Your goal: A picture-free, exact copy of all the records below is the goal.

Records for this task:
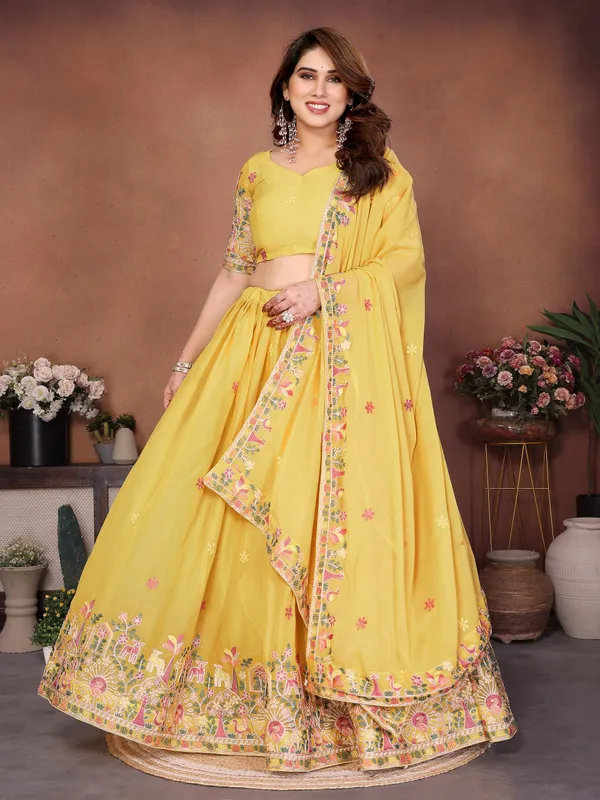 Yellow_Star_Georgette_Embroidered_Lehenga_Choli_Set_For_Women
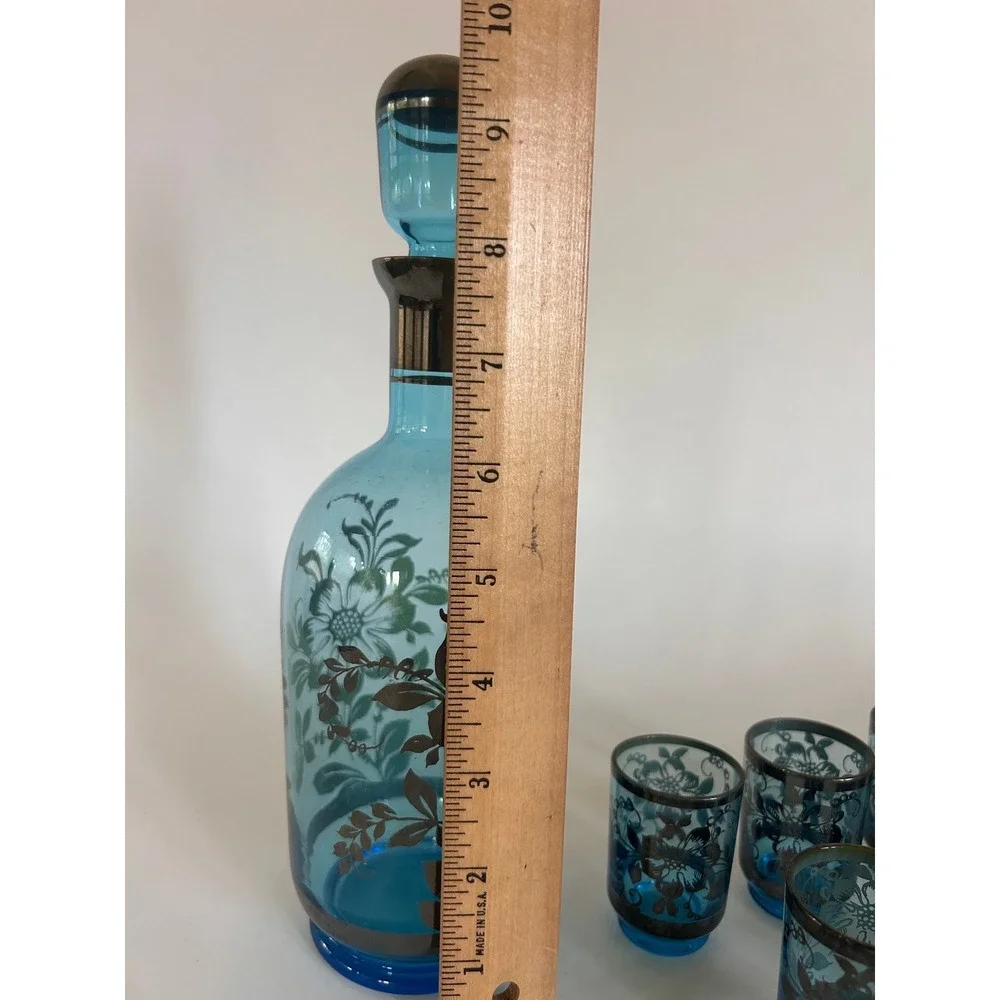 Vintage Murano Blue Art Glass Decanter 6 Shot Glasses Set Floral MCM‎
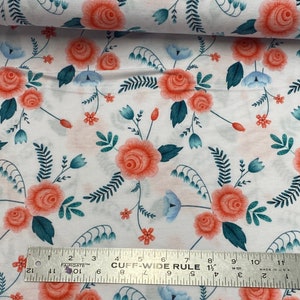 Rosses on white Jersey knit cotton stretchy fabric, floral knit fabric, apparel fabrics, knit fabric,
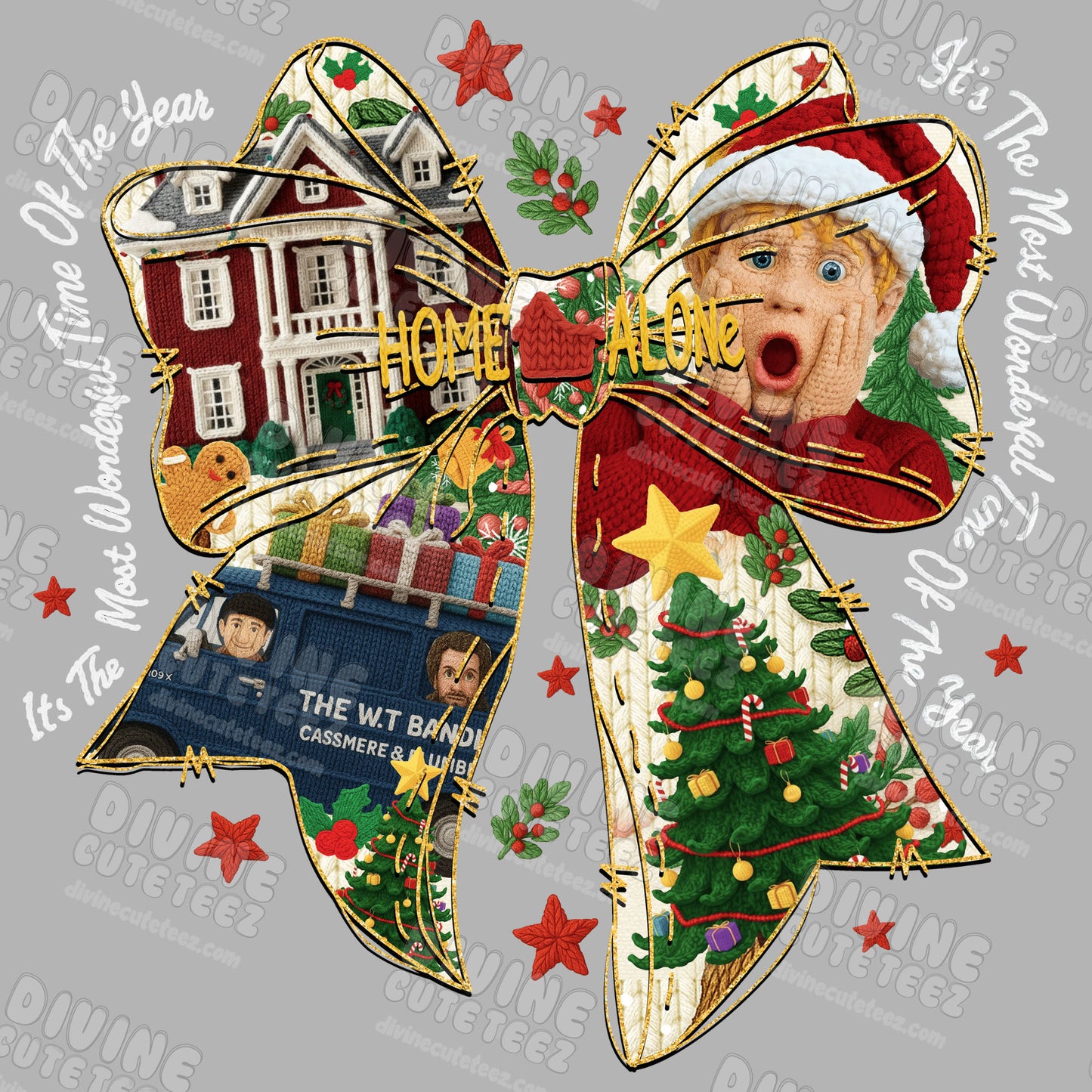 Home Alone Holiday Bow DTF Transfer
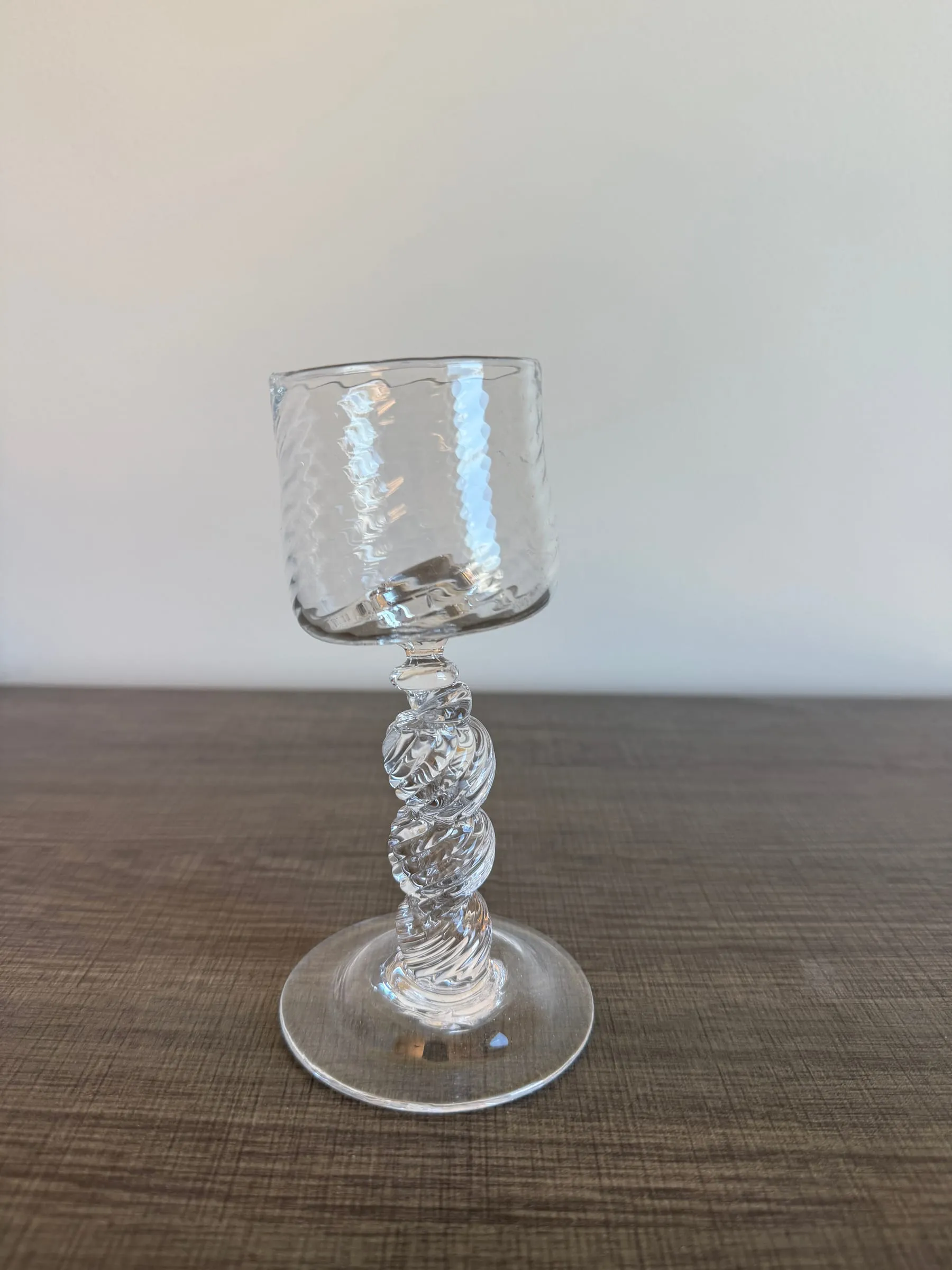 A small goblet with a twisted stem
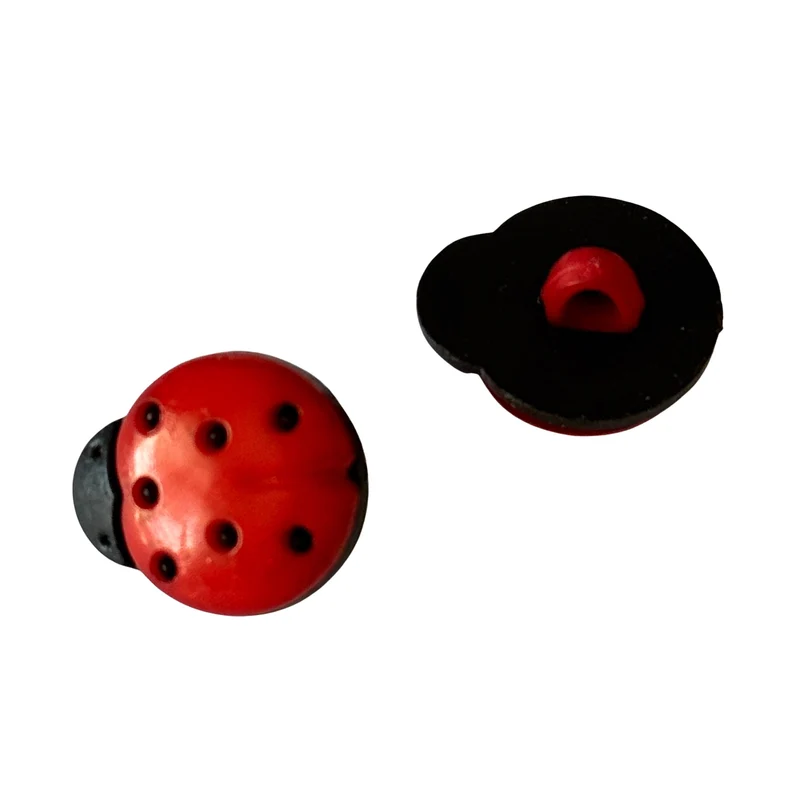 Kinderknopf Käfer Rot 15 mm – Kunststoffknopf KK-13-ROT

Answer:
 Yellow_Star_Georgette_Embroidered_Lehenga_Choli_Set_For_Women
 Vintage Murano Blue Art Glass Decanter 6 Shot Glasses Set Floral MCM‎
 Rosses on white Jersey knit cotton stretchy fabric, floral knit fabric, apparel fabrics, knit fabric,
 Home Alone Holiday Bow DTF Transfer
 A small goblet with a twisted stem
 Kinderknopf Käfer Rot 15 mm – Kunststoffknopf KK-13-ROT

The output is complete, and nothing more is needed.